Required work
Write out an exact copy of the line containing "2 soverom Leilighet" and all lines that follow it in the data below, leaving out pictures.

◇ ◇ ◇

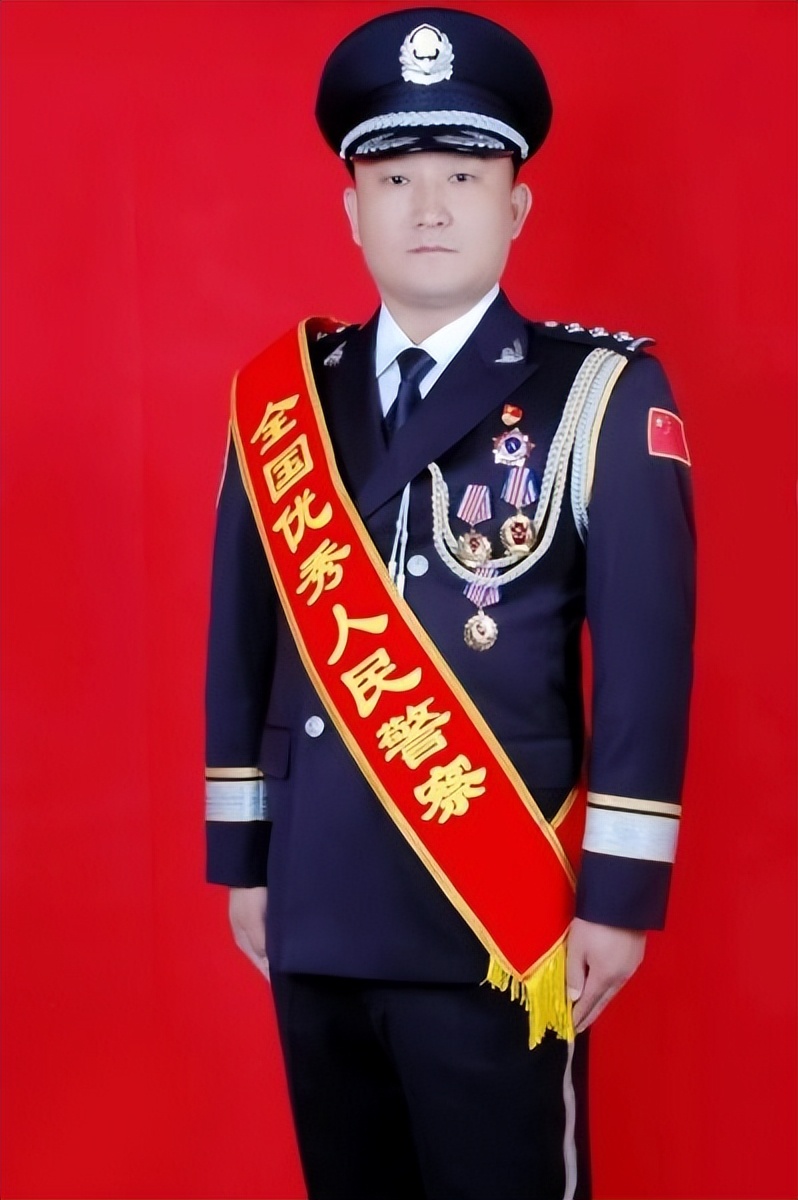 原阳90后尖刀刑侦队长艾茂森铁肩担道义不忘从警心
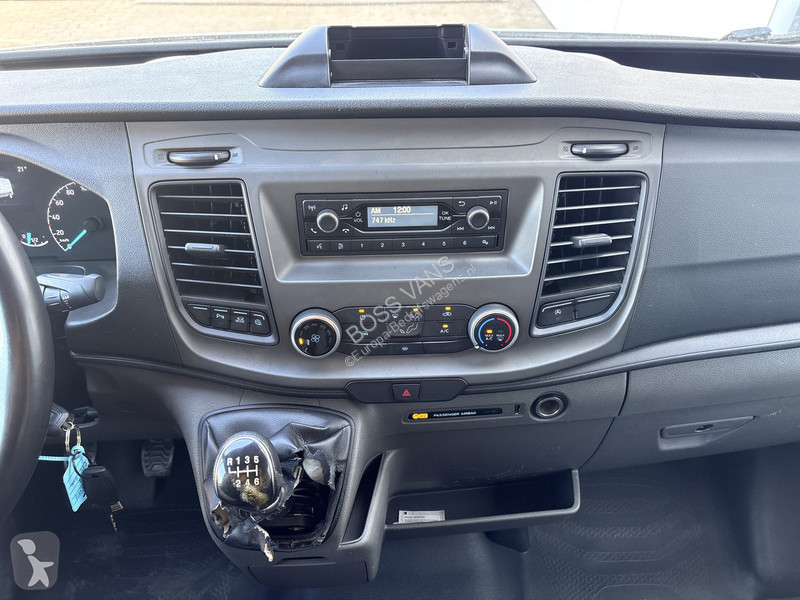 Véhicule utilitaire Ford 350 2.0 TDCI 170PK...
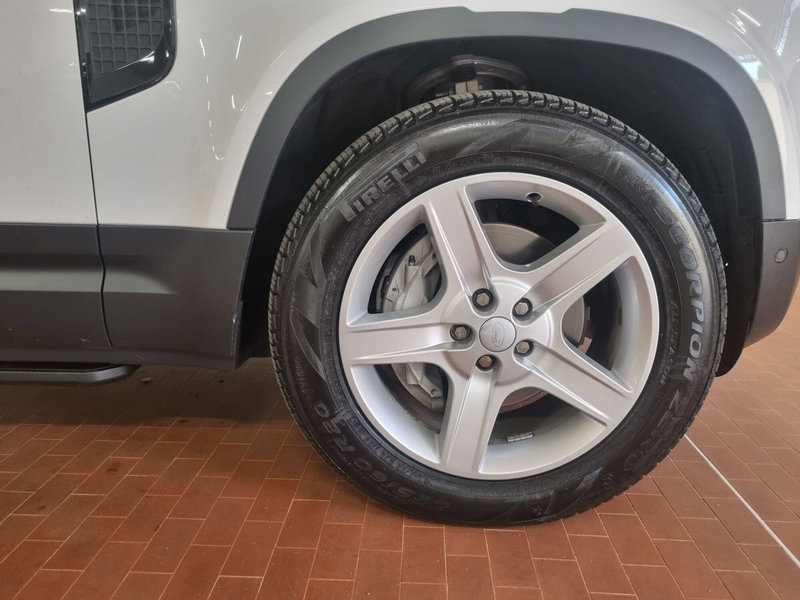 Land Rover Defender usata a Brescia (9)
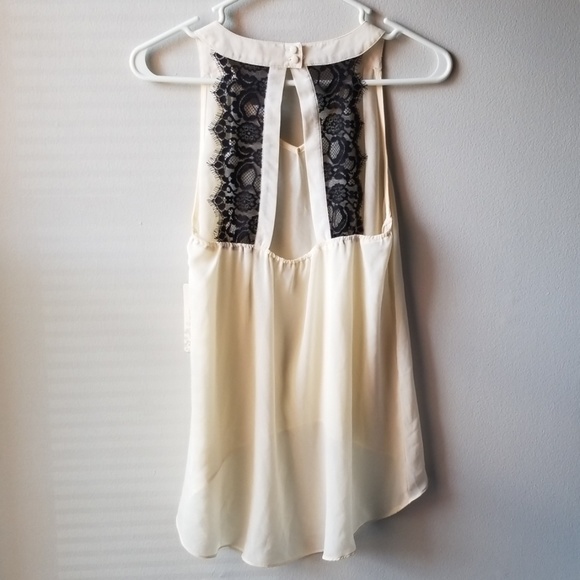 Altar'd State Tops - 👽NWT Altar'd State Sheer Tank w/ Lace Back Detail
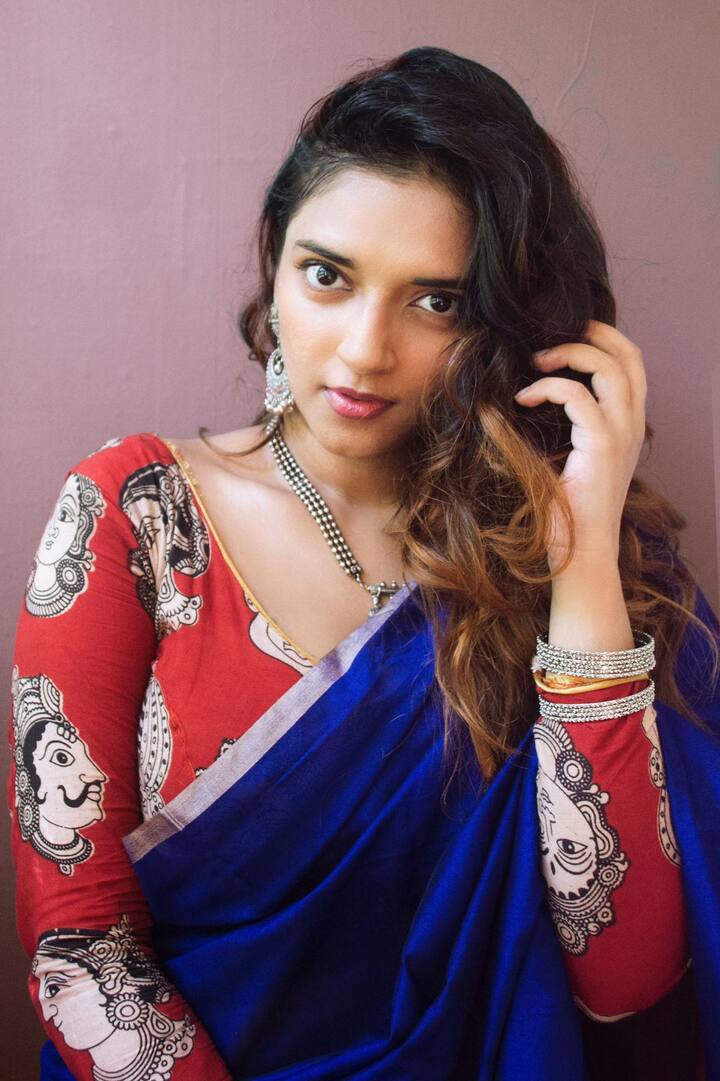 நெஞ்சு நோங்குது நோங்குது உன்ன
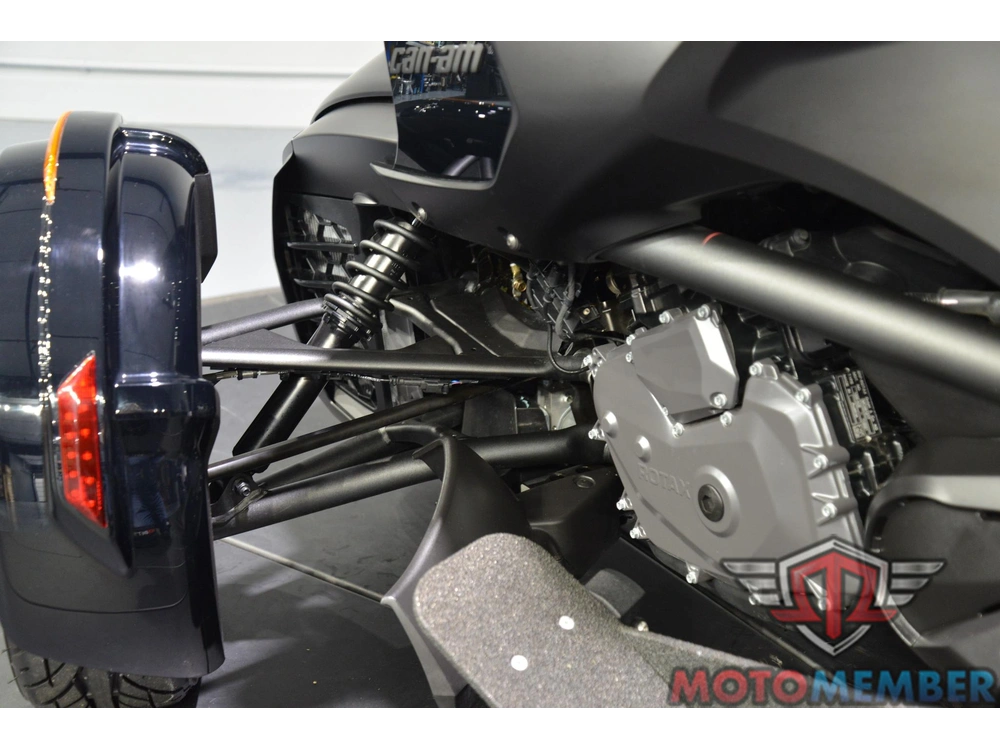 2022 Can-am Spyder F3 Limited Dark Wheels alt
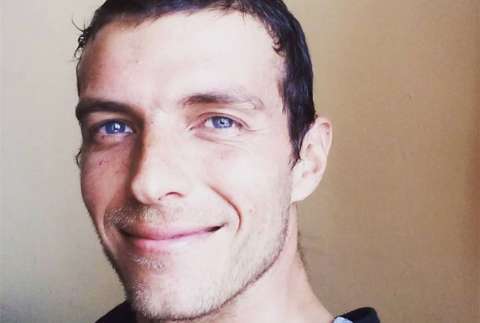 Hijo de Camilo Sesto alarma a sus seguidores con impactantes fotos: “no está bien”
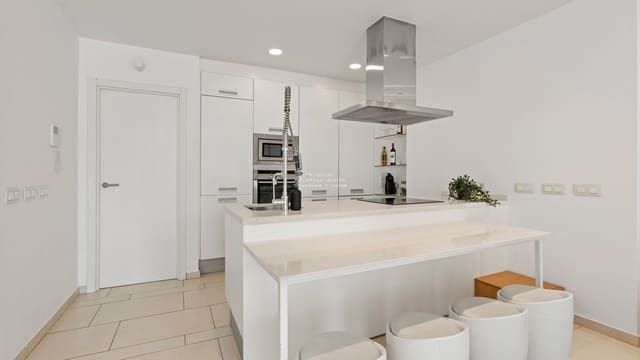 2 soverom Leilighet til salgs i Palm-Mar, Arona med svømmebasseng garasje - € 449 000 (Ref: 9231888)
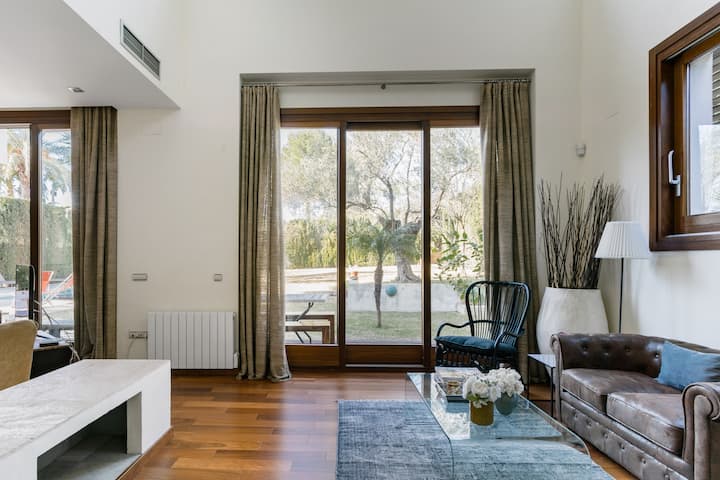 ecb315b7-3ebd-4eed-b022-86d700629203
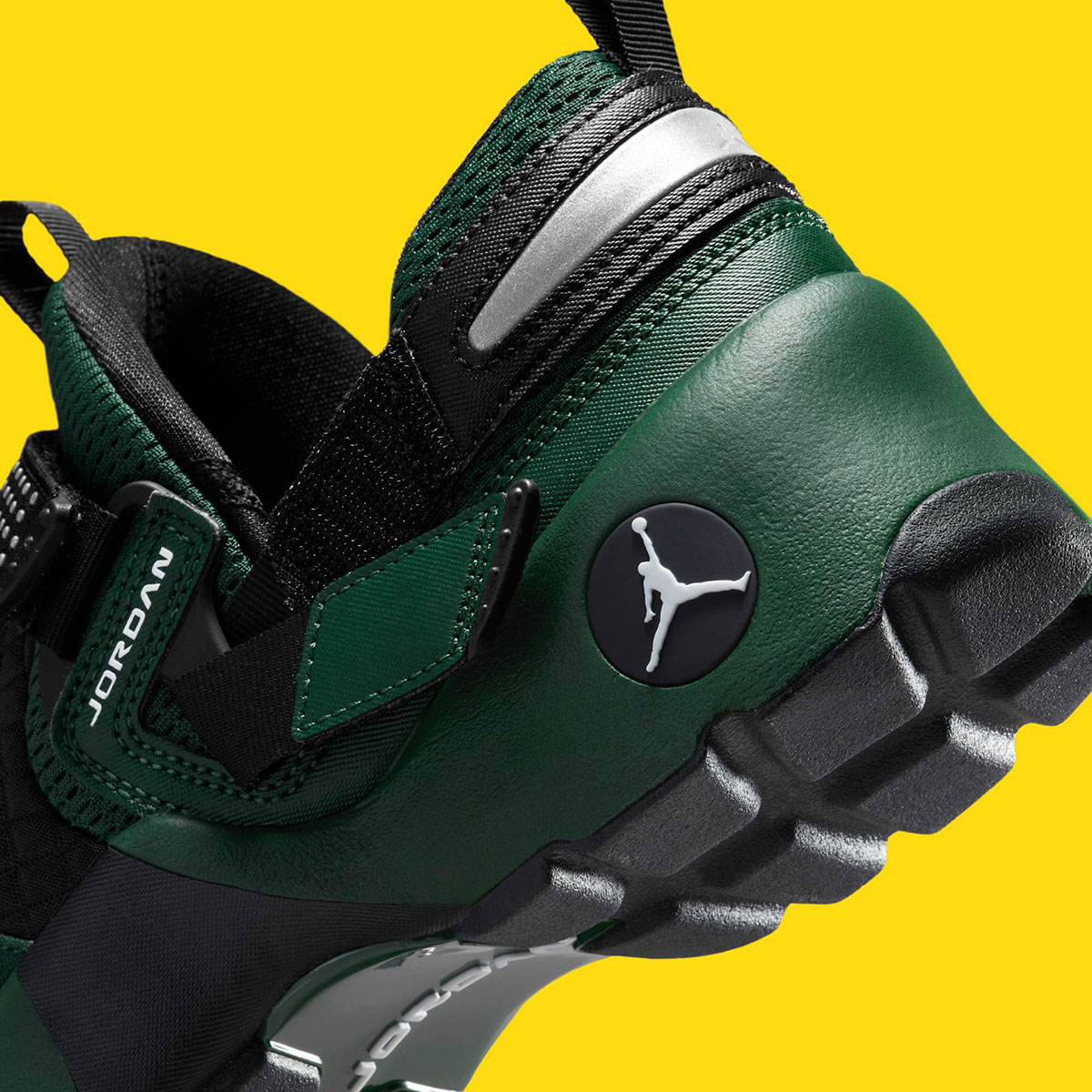Jordan Trunner Lx Green Black Hq2164 300 5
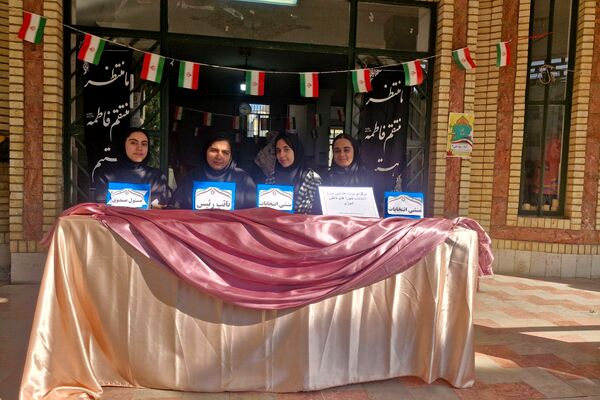 شور انتخاباتی دانش آموزان چهاردانگه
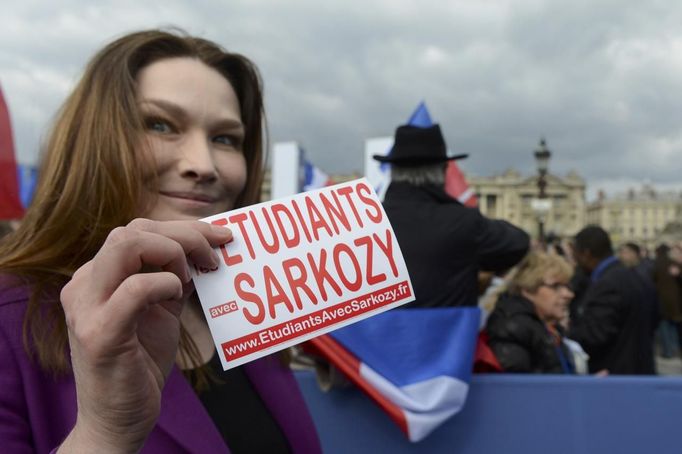 Carla Bruni-Sarkozy the wife of France's President and UMP party candidate for the 2012 French presidential elections Sarkozy attends a political rally on the place de la Concorde in Paris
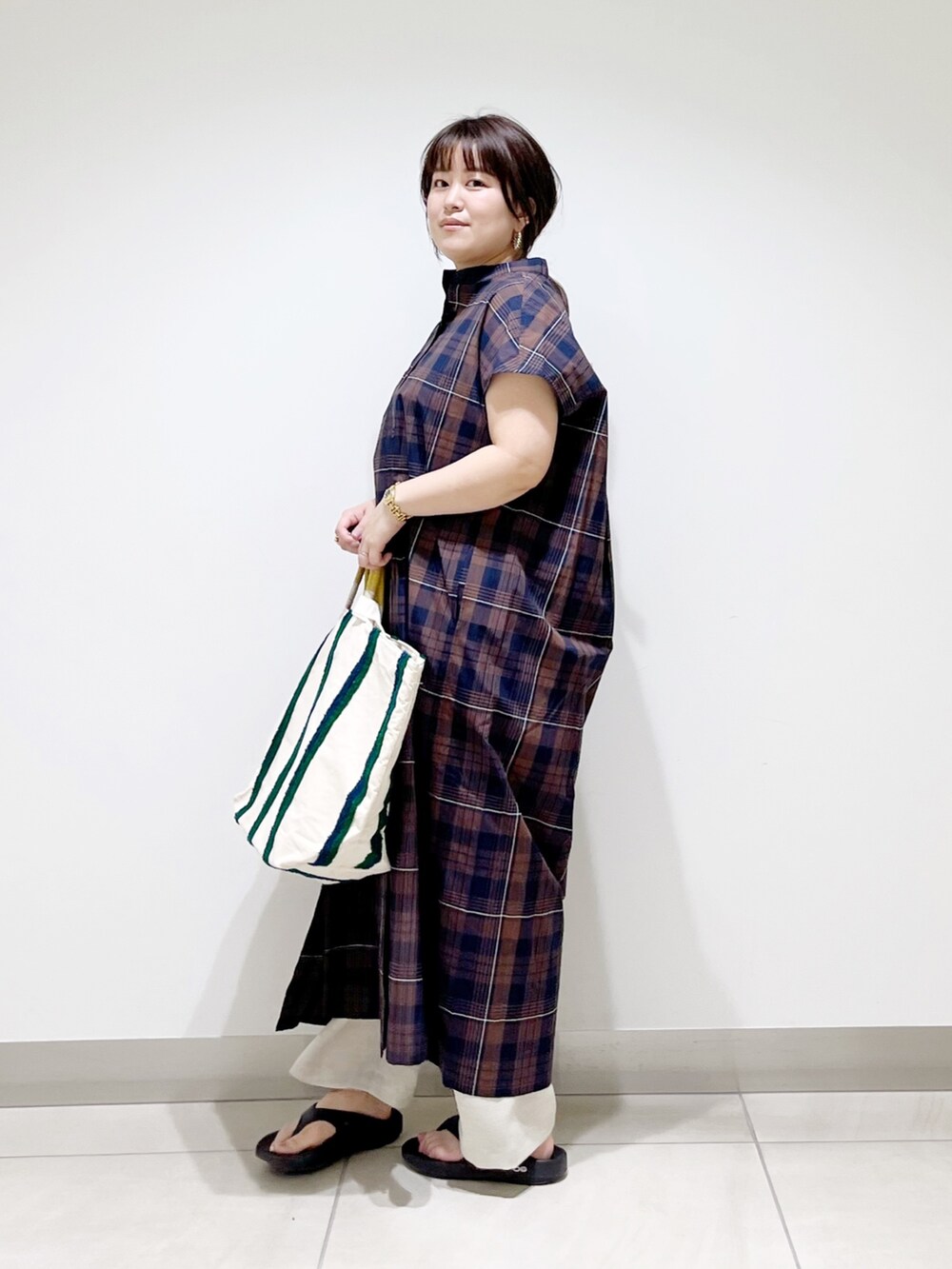 ブラウン系のワンピース、ベージュ系のその他パンツ、ブラック系のサンダルを着用したレディースの春コーディネートの9枚目の写真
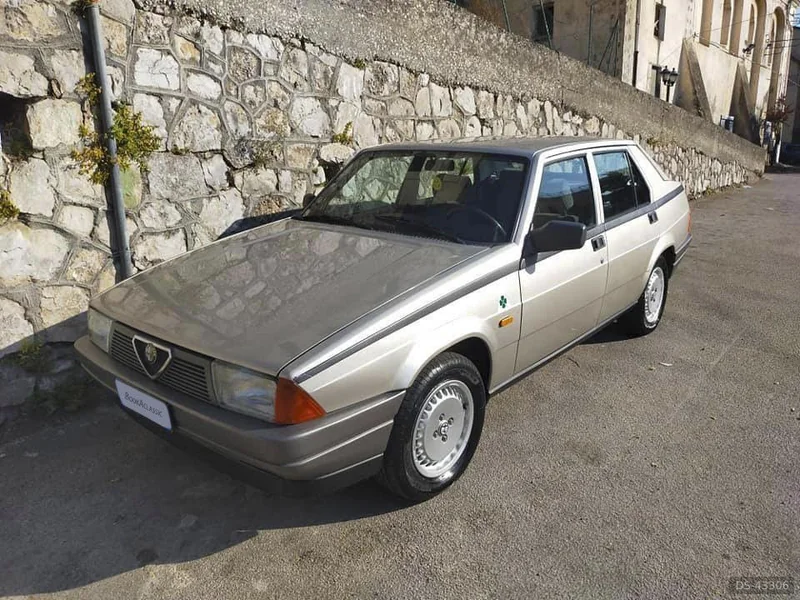 1988 Alfa Romeo 75 in Palma Campania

◇ ◇ ◇

Finished task
 2 soverom Leilighet til salgs i Palm-Mar, Arona med svømmebasseng garasje - € 449 000 (Ref: 9231888)
 ecb315b7-3ebd-4eed-b022-86d700629203
Jordan Trunner Lx Green Black Hq2164 300 5
 شور انتخاباتی دانش آموزان چهاردانگه
 Carla Bruni-Sarkozy the wife of France's President and UMP party candidate for the 2012 French presidential elections Sarkozy attends a political rally on the place de la Concorde in Paris
 ブラウン系のワンピース、ベージュ系のその他パンツ、ブラック系のサンダルを着用したレディースの春コーディネートの9枚目の写真
 1988 Alfa Romeo 75 in Palma Campania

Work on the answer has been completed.